If your pup doesn't like his crate, try putting treats in there


----------



## whitzend (Dec 1, 2011)

Today I made the ex pen smaller, removed the bed and placed some fleece in the crate. He has been sleeping on the floor in pen AND more in his crate :whoo: Thinking I might have to make the pen smaller or different shape. It's 50/50 going in the potty tray. So basically I think it's been a pretty good day..did some brushing of his coat and crate wise starting to work lol. 

Thanks for the article DeeDee 

Thanks everyone for the support, hope I don't come across as complaining. Just want to do the best I can and try the crate and ex pen this time around. You all have so many ideas and experience.

Linda


----------



## Tom King (Aug 2, 2006)

You did the right thing by downsizing the expen. You might have to go all the way back to where there is only room for the bed and the potty area. You have to go back in size until it works 100% of the time. Only then can you enlarge the area, and even then in small amounts.

Did you find my old post on teaching to go potty on command? It would be the time to do that, and they learn quickly to go potty on command if it means they get to come out to play.

Even with the boy we are keeping, we still take him back to his sleeping pen to remind him that he needs to go potty if he's been out for a good while and hasn't done anything. He's spending most of his time out in the house, but when we notice that he's getting tired, he goes back into his pen. We've downsized it to 4x4 since his brother left. It's plenty big enough for him to eat and sleep in, since he spends most of his time out. Once he starts getting tired, we watch him closely.

At 8 1/2 weeks, he shouldn't be over about 8 feet from a proper potty area even once he has developed the right habit.

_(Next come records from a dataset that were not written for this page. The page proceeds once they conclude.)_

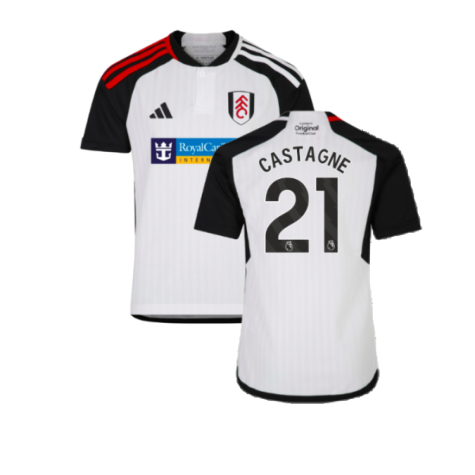 2023-2024 Fulham Home Shirt (Kids) (Castagne 21)
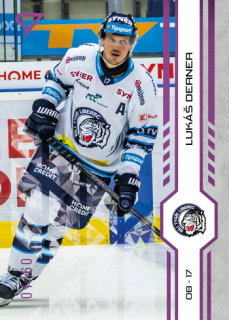 24-25 TELH - Lukáš DERNER č. 112 Purple Iceberg x/60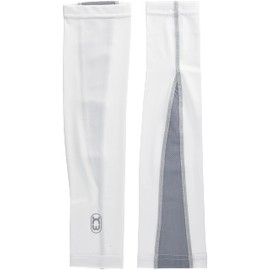 Kijima ZK3-30004W Arm Sleeve, Cooling Material, High Elasticity, Over 98% UV Protection, Men's Free, White/Mesh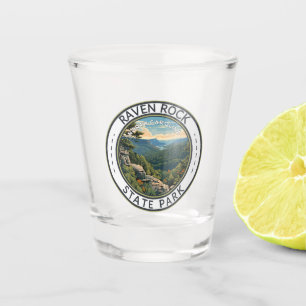 Raven Rock Staat Park North Carolina Abzeichen Schnapsglas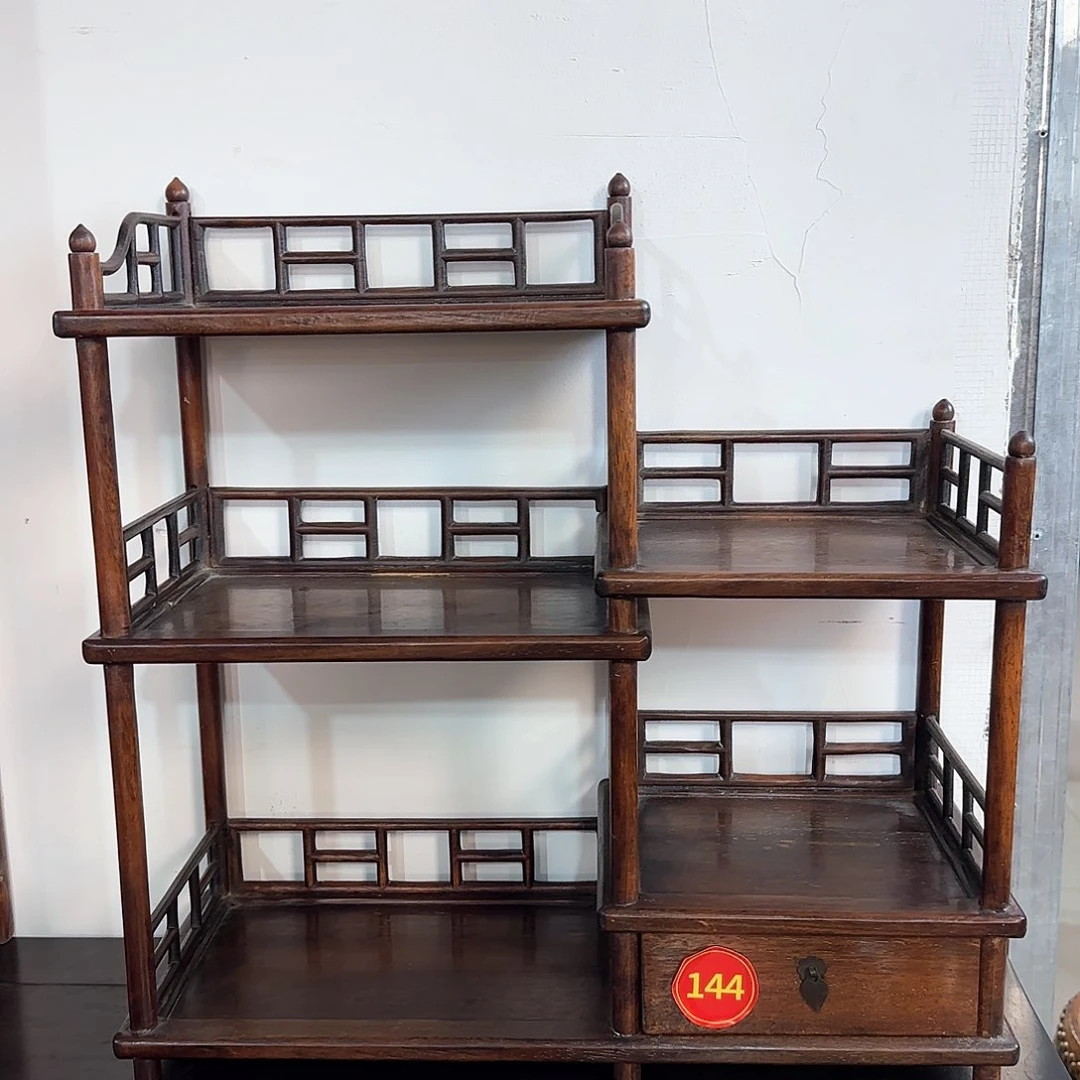 花梨木类花梨木博古架小茶柜52/20/52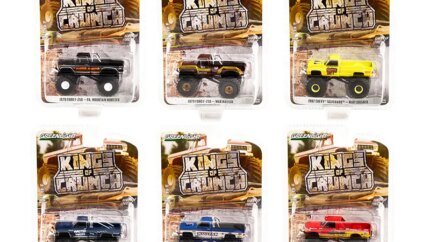 Kings of Crunch Series 10: Set of 6 1/64 Diecast Monster Trucks by Greenlight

We dont use treats for teaching potty habits. It's something they have to do anyway, and treats aren't necessary.


----------



## krandall (Jun 11, 2009)

Tom King said:


> You did the right thing by downsizing the expen. You might have to go all the way back to where there is only room for the bed and the potty area. You have to go back in size until it works 100% of the time. Only then can you enlarge the area, and even then in small amounts.
> 
> Did you find my old post on teaching to go potty on command? It would be the time to do that, and they learn quickly to go potty on command if it means they get to come out to play.
> 
> ...


And boy, that potty on command comes in SO handy. Kodi loves to ride in the car, but just like a little kid, we don't want to be half an hour from the house and have him whining that he has to pee. No problem as long as WE remember to tell him to "go pee" before he gets in the car. Same thing, when we visit someone else's house and there is no litter box available, we just make sure he empties out befor eentering the house. You can almost see him roll his eyes and say, "you know, I don't REALLY have to go... I'm just doing this to humor you!":biggrin1:

Now, if he would always just poop on command. But I guess with that, if you don't have to go, you just don't have to go!:biggrin1:


----------



## whitzend (Dec 1, 2011)

Downsizing the ex pen has helped a lot. He goes in his crate now to sleep and is really trying to hit the pee tray more. There are still misses which I think are my fault. He doesn't go right after waking up and I try to watch for signs and sometimes he takes so long to go lol. He loves to be brushed and loves sleeping on our laps. At night he lets me know he has to go by whining  I guess each day is a step forward and today is the vacuum cleaner test. Slow and easy and lots of patience on my part. He's such a lovable little guy in every way, just have to get the potty training down better on my part. We are looking toward the day he gets it 100% and can have the run of the kitchen. 
Linda


----------